Stepping into a hot shower after a long day at work or soaking in a bathtub on Sunday night after a busy weekend – what could be better?
Explore the options for hot water heating systems behind your showers and baths.
Electric hot water cylinders
One of the most common water heating options, electric hot water cylinders have a relatively low initial purchase cost, but can be more expensive to run day to day. They’re also quite simple mechanically, using an element within an insulated tank to heat the water.
Nowadays, certain models have smart controllers, allowing them to adjust their heating based on your home’s usage. This can result in lower electricity bills.

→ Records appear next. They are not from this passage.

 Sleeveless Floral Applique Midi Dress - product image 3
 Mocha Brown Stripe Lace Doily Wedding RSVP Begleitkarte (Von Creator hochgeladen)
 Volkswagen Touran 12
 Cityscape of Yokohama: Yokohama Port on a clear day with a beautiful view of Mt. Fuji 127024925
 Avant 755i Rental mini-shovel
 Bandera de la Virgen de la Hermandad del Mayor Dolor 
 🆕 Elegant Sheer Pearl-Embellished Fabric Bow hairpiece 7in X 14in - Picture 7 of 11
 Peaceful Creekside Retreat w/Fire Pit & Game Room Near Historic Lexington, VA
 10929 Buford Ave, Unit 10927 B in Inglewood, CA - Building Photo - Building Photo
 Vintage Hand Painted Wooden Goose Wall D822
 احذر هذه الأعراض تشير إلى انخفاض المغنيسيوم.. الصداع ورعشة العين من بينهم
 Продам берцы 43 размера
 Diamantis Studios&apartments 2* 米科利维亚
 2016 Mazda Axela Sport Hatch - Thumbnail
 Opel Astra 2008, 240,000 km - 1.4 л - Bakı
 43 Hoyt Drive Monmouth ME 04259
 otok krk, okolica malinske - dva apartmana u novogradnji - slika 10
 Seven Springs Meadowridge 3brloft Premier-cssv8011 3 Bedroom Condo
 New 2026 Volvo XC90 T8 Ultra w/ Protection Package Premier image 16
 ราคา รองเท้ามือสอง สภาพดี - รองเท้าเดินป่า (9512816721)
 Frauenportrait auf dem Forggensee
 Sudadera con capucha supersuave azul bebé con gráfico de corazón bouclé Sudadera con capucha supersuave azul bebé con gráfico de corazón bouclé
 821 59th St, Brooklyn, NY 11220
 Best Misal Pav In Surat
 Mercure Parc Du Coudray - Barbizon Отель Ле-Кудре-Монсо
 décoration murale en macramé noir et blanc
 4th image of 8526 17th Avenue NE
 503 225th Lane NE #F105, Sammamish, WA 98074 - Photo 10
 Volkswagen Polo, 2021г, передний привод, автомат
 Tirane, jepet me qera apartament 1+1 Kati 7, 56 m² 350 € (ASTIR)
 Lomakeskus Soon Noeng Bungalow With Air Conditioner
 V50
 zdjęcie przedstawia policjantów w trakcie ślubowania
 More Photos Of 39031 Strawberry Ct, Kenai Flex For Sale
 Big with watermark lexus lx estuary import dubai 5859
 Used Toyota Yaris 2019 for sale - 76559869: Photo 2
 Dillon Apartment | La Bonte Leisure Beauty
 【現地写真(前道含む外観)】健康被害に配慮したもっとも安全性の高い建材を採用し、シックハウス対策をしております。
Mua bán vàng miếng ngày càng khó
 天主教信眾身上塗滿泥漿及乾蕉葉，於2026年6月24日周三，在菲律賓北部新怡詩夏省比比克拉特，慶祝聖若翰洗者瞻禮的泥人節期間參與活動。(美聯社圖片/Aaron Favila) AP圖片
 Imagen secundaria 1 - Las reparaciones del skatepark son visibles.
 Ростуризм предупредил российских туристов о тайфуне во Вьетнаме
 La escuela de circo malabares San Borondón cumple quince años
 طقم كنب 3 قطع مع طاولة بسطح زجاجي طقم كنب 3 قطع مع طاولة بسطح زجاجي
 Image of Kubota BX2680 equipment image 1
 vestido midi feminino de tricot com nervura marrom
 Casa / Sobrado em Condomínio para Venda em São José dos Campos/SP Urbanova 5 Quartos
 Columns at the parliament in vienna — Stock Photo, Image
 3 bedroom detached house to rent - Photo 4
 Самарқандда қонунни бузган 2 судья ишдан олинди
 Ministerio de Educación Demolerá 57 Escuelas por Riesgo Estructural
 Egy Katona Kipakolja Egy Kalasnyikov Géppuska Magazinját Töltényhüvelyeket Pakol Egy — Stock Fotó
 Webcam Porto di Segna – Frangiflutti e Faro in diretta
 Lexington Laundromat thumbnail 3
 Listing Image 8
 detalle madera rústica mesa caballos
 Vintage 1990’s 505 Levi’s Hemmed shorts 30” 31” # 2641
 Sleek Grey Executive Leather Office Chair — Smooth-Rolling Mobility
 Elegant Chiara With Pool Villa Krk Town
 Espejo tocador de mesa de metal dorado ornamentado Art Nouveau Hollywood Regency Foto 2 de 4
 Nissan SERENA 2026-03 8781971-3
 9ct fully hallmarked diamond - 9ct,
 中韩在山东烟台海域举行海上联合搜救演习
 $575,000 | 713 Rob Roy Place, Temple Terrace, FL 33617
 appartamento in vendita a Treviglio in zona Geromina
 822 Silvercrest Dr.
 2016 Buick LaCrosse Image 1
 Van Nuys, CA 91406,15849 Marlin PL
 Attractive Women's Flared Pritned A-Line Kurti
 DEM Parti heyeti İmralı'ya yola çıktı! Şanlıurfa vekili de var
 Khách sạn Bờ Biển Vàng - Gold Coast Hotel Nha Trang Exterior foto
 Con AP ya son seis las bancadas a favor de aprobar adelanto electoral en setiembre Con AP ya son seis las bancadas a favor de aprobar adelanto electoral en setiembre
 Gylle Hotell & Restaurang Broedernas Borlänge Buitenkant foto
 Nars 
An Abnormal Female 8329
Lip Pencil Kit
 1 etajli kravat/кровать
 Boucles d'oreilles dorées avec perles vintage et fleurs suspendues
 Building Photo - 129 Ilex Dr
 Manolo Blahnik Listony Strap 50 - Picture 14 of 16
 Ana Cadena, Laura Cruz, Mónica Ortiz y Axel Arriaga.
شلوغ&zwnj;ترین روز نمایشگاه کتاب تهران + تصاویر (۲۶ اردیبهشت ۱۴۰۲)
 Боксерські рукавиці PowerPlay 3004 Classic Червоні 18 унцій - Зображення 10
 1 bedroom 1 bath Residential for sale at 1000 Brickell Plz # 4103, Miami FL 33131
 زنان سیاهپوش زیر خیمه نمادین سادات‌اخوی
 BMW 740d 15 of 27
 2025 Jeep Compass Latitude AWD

There are two primary types of gas water heating available, continuous flow and hot water cylinders. We’ll go into both of these below:
- Hot water cylinder: The same principle as an electric hot water cylinder, but these systems burn gas instead of running an electric element to heat water. They’re less efficient than continuous flow systems, but will work even without electricity.
- Continuous flow: These systems heat water as it’s required, providing you with essentially unlimited hot water. Instead of keeping hot water in a cylinder, they run the water through a gas-burning system when the tap turns on.
If you’re after a hot water system that’s a bit more environmentally friendly – not to mention disaster-proof – you’ll want to consider a solar hot water heater.
Using a series of glass tubes installed on your roof, these systems run cold water through the tubes (allowing the sun to heat it up) before running it into an insulated water tank. When you want to take a hot shower, the tank simply sends the heated water to your bathroom.
They do have a downside: When the sun’s not shining, you’ll need a backup system in place to ensure you’ve got hot water.
Just like a heat pump designed to heat your home, a heat pump water heater works off the same basic principle. It essentially captures hot air from outside and uses this air to heat your water, storing it in an insulated water tank until you turn the tap on.